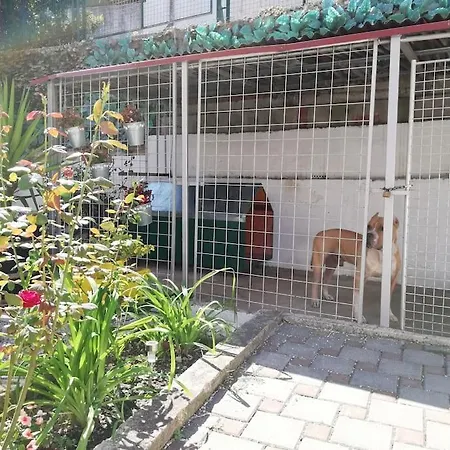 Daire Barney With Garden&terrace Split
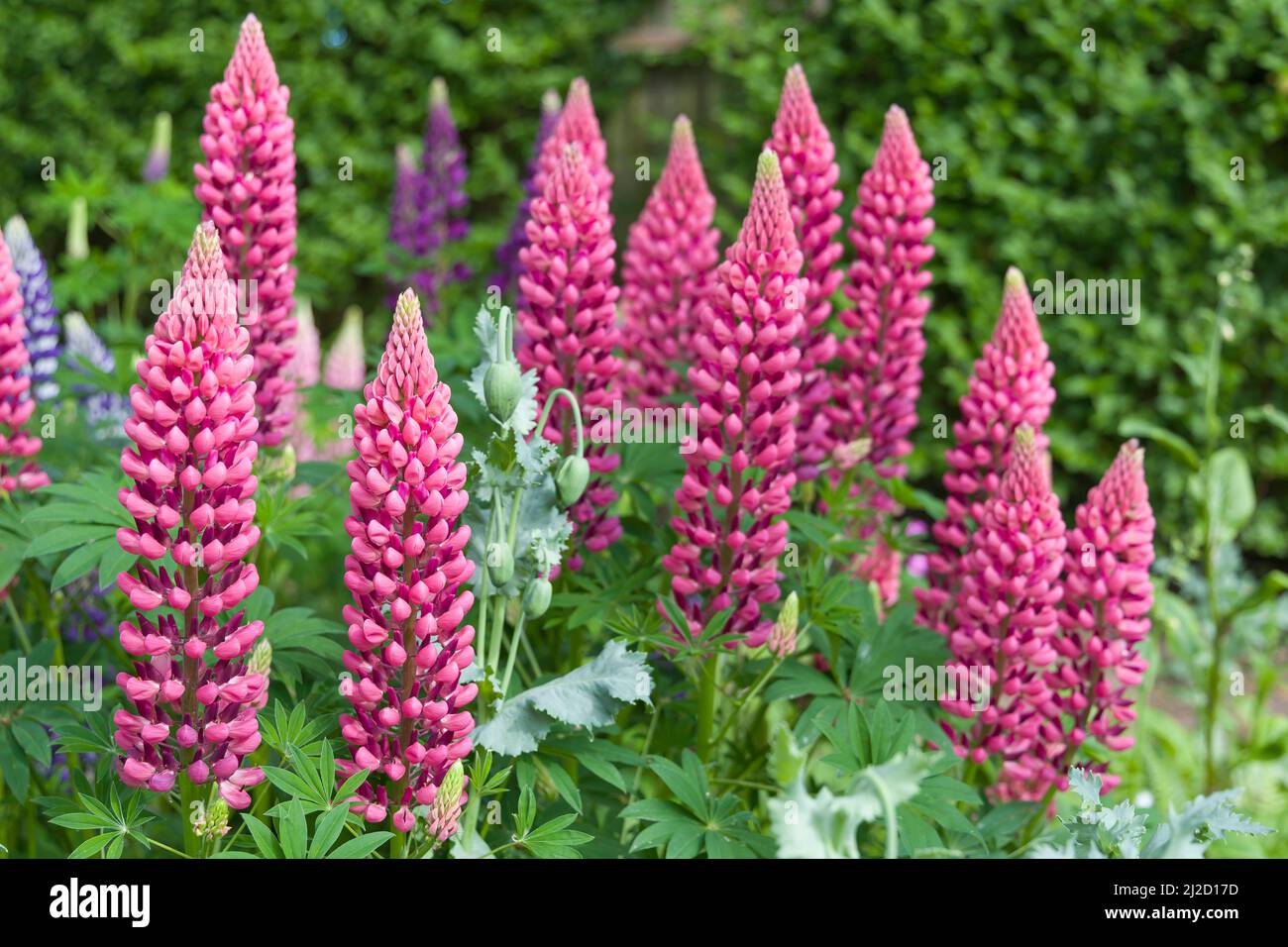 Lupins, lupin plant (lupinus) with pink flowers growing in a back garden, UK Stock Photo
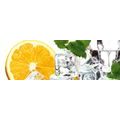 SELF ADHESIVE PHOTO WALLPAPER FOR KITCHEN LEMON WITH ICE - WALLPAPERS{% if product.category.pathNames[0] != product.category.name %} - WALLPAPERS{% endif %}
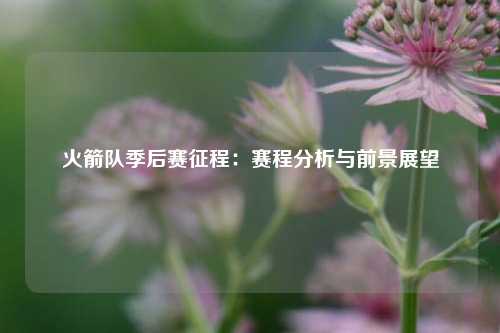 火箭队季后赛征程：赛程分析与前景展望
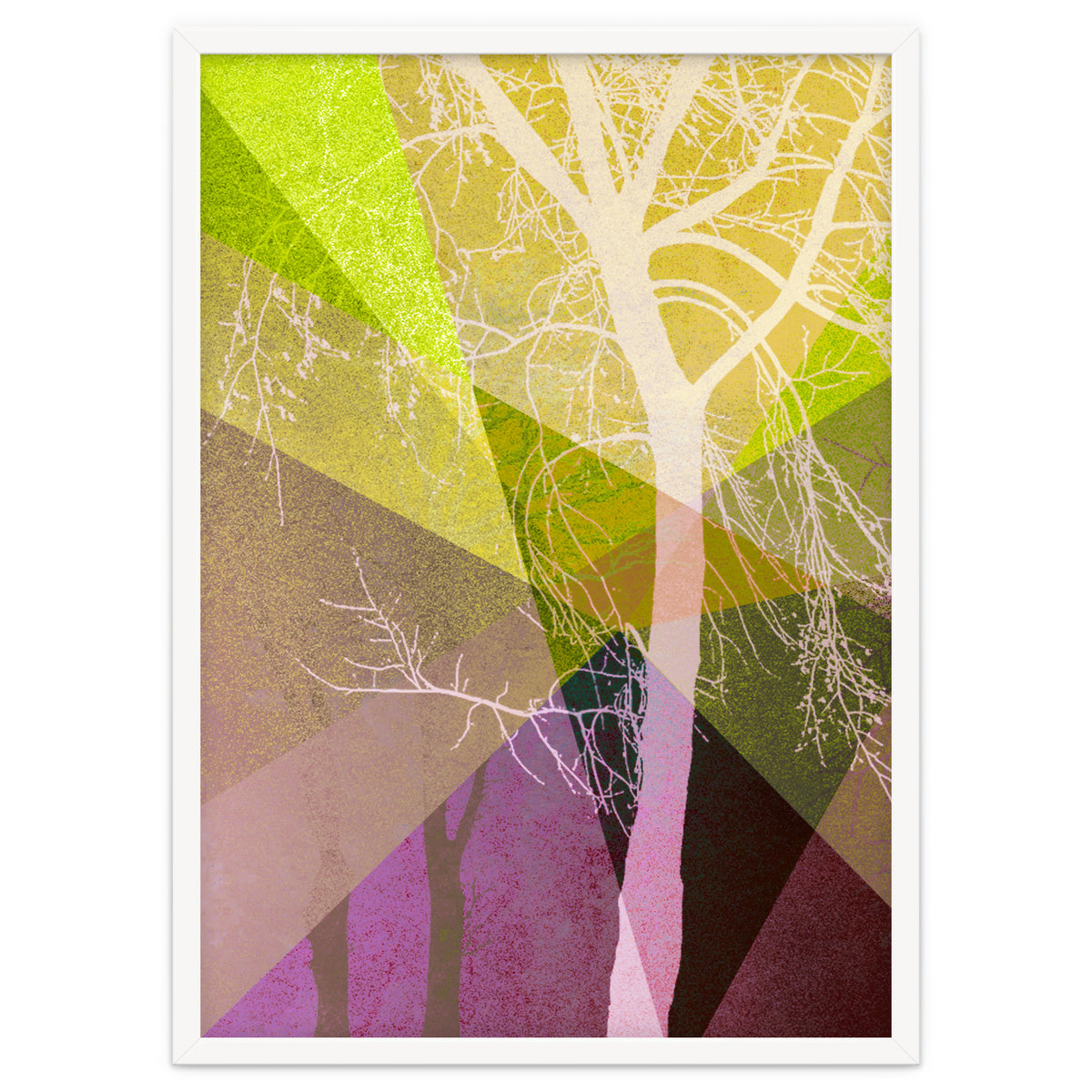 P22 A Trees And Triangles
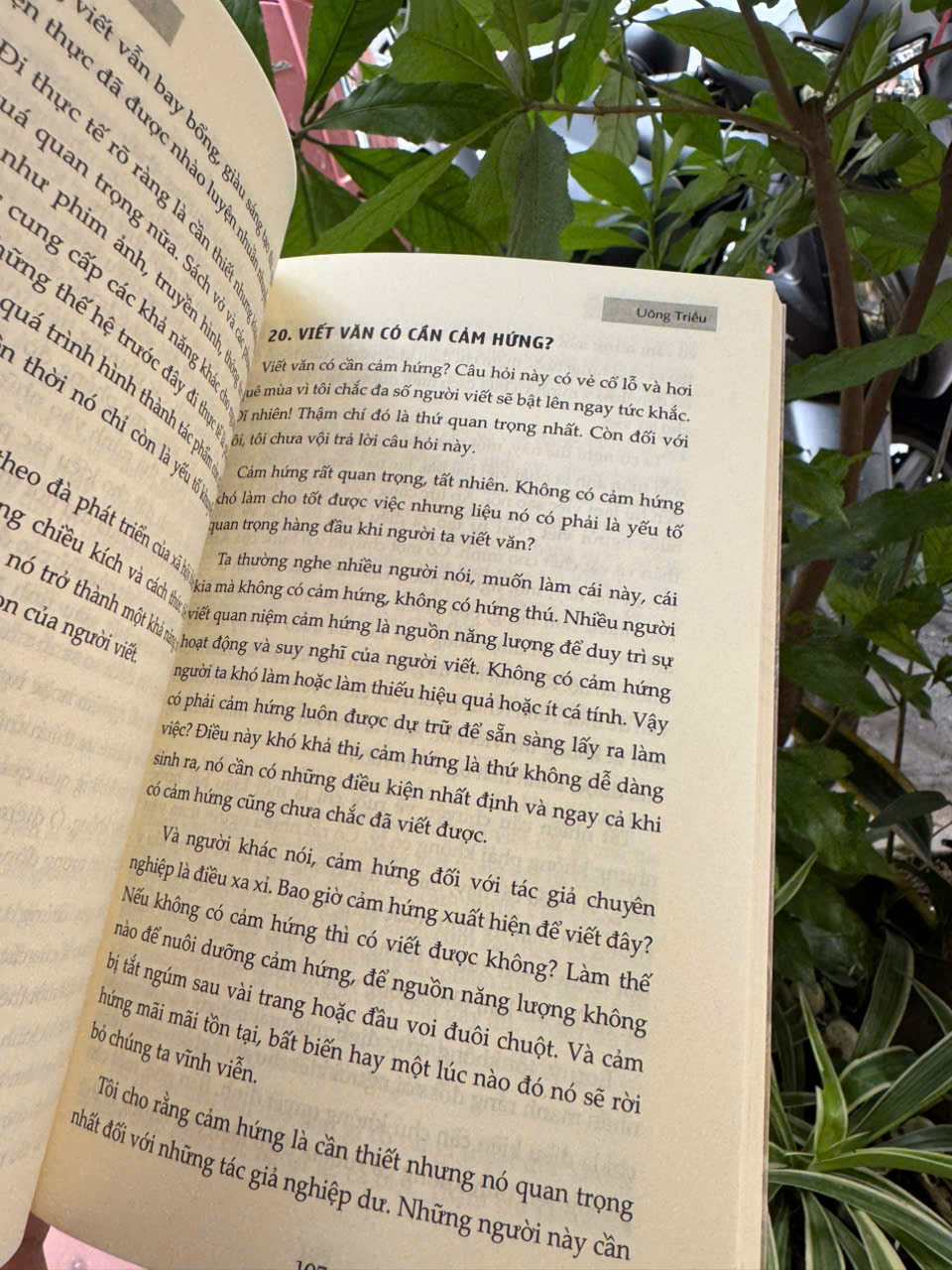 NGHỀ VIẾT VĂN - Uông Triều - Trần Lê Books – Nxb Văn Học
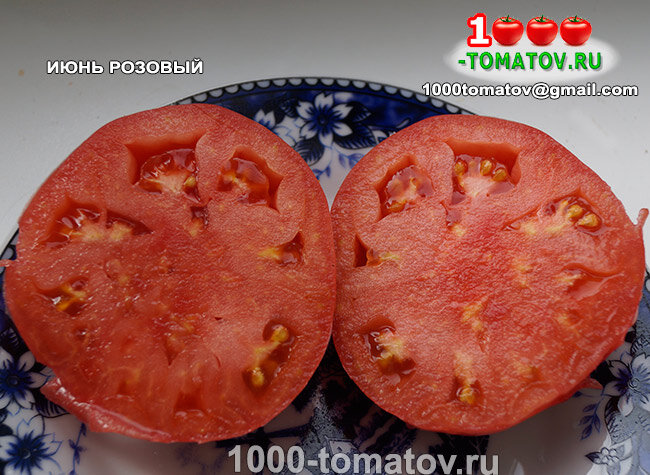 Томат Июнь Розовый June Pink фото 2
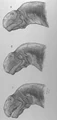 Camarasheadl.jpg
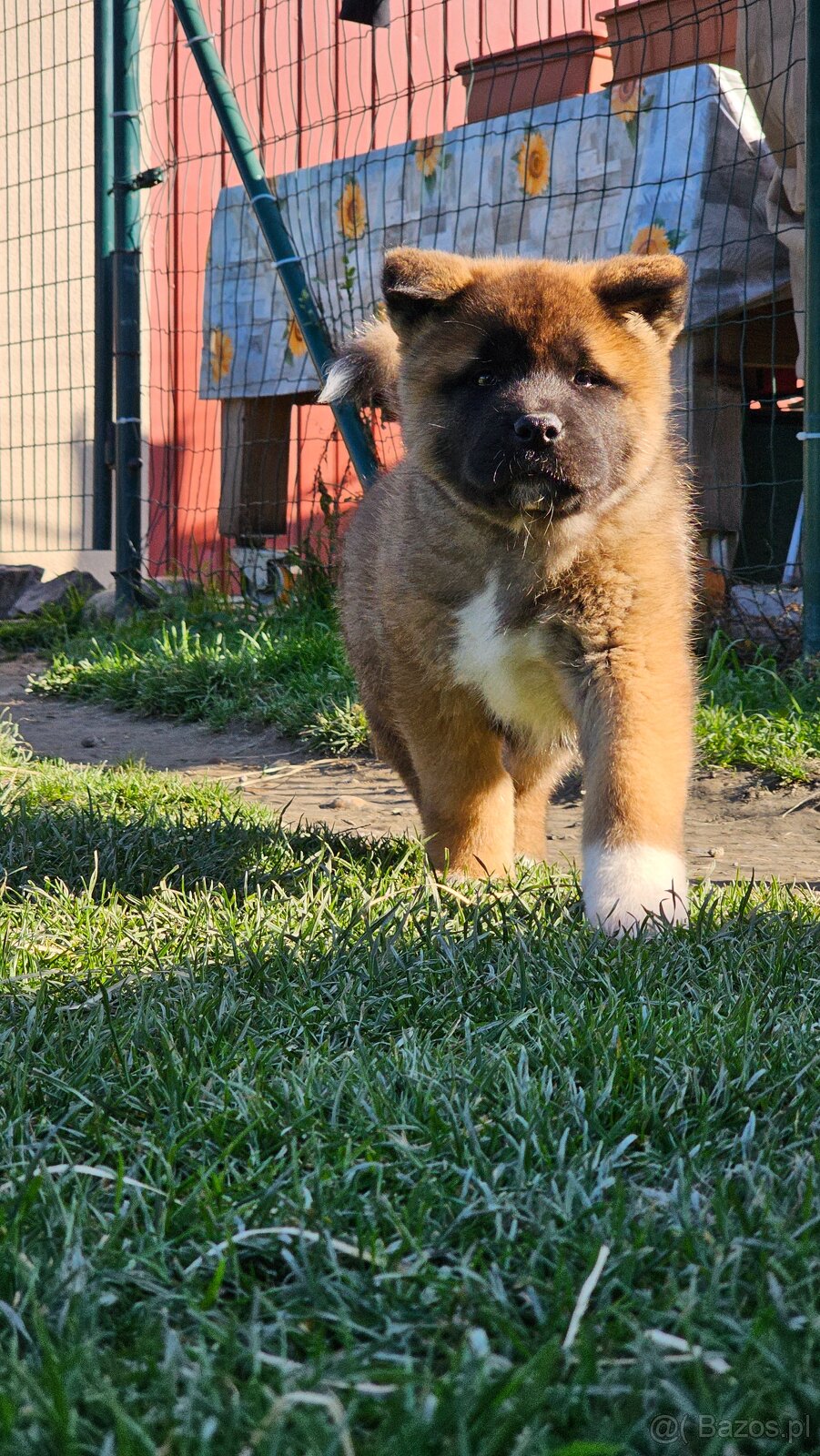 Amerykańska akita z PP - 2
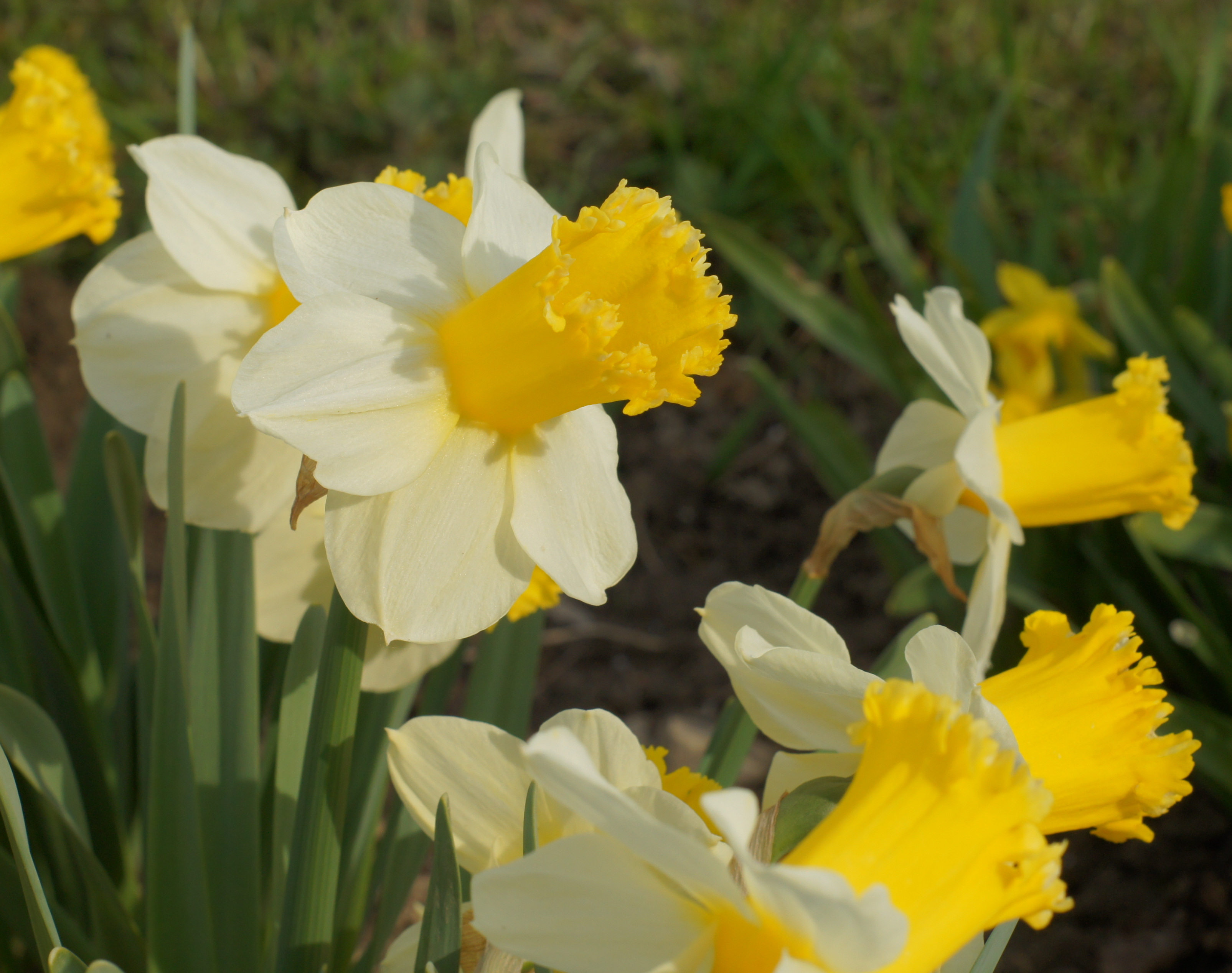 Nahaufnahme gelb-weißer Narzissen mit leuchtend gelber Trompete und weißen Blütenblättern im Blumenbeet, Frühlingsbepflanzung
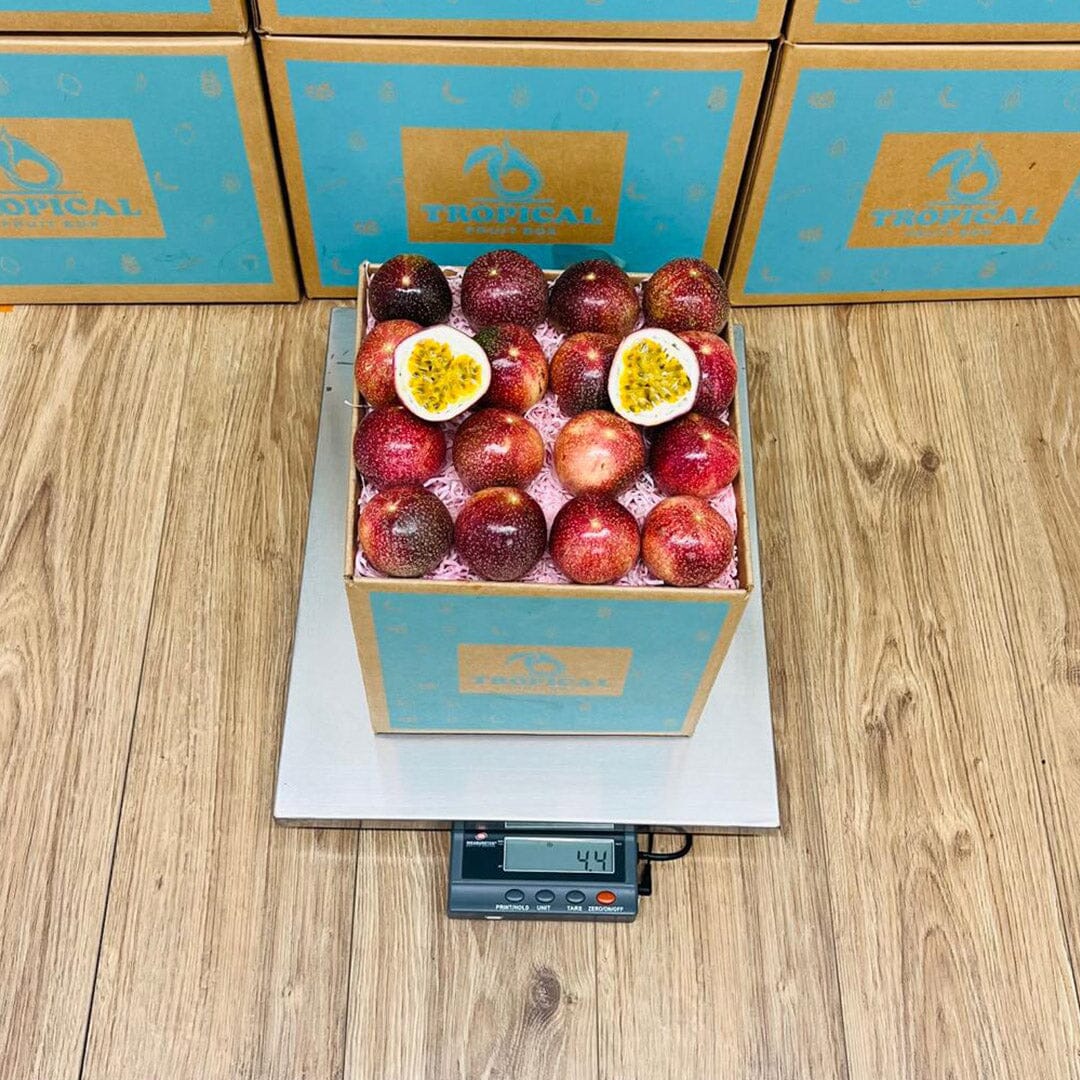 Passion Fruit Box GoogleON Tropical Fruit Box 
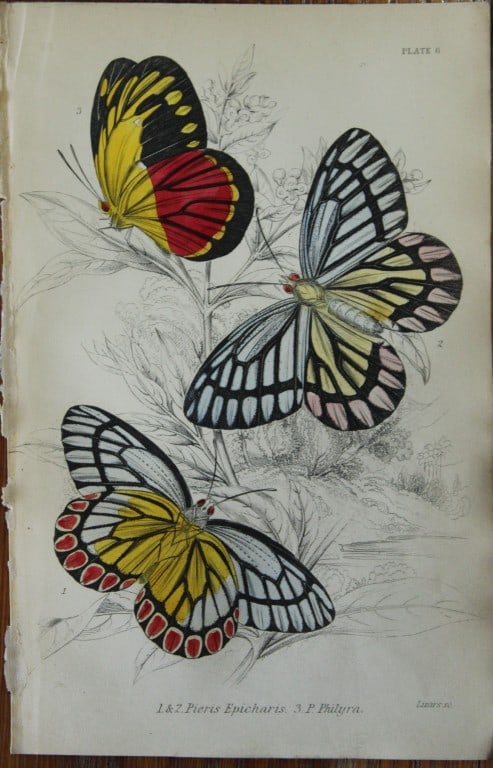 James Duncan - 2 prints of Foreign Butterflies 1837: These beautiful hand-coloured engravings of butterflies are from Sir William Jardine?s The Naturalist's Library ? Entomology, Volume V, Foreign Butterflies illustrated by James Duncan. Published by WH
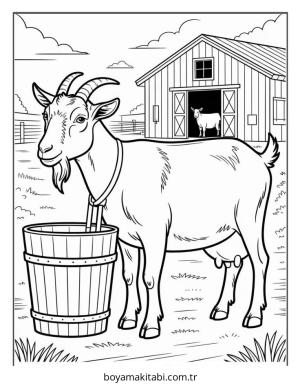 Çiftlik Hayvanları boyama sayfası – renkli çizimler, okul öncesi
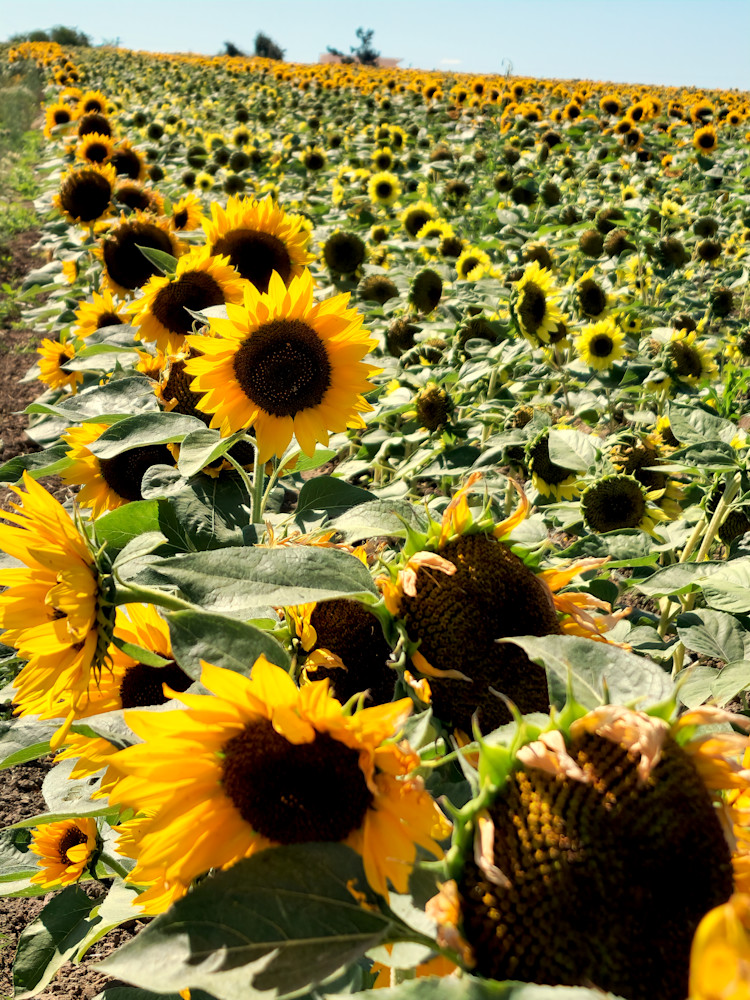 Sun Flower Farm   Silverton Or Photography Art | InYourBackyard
+++++
** WHAT YOU WILL DO **
Pictures are to be omitted. Print exactly the lines from the line containing "Nahaufnahme gelb-weißer Narzissen" through the final line of the material above, both included.

** SOLUTION FOR THIS PROBLEM **
 Nahaufnahme gelb-weißer Narzissen mit leuchtend gelber Trompete und weißen Blütenblättern im Blumenbeet, Frühlingsbepflanzung
 Passion Fruit Box GoogleON Tropical Fruit Box 
 James Duncan - 2 prints of Foreign Butterflies 1837: These beautiful hand-coloured engravings of butterflies are from Sir William Jardine?s The Naturalist's Library ? Entomology, Volume V, Foreign Butterflies illustrated by James Duncan. Published by WH
 Çiftlik Hayvanları boyama sayfası – renkli çizimler, okul öncesi
 Sun Flower Farm   Silverton Or Photography Art | InYourBackyard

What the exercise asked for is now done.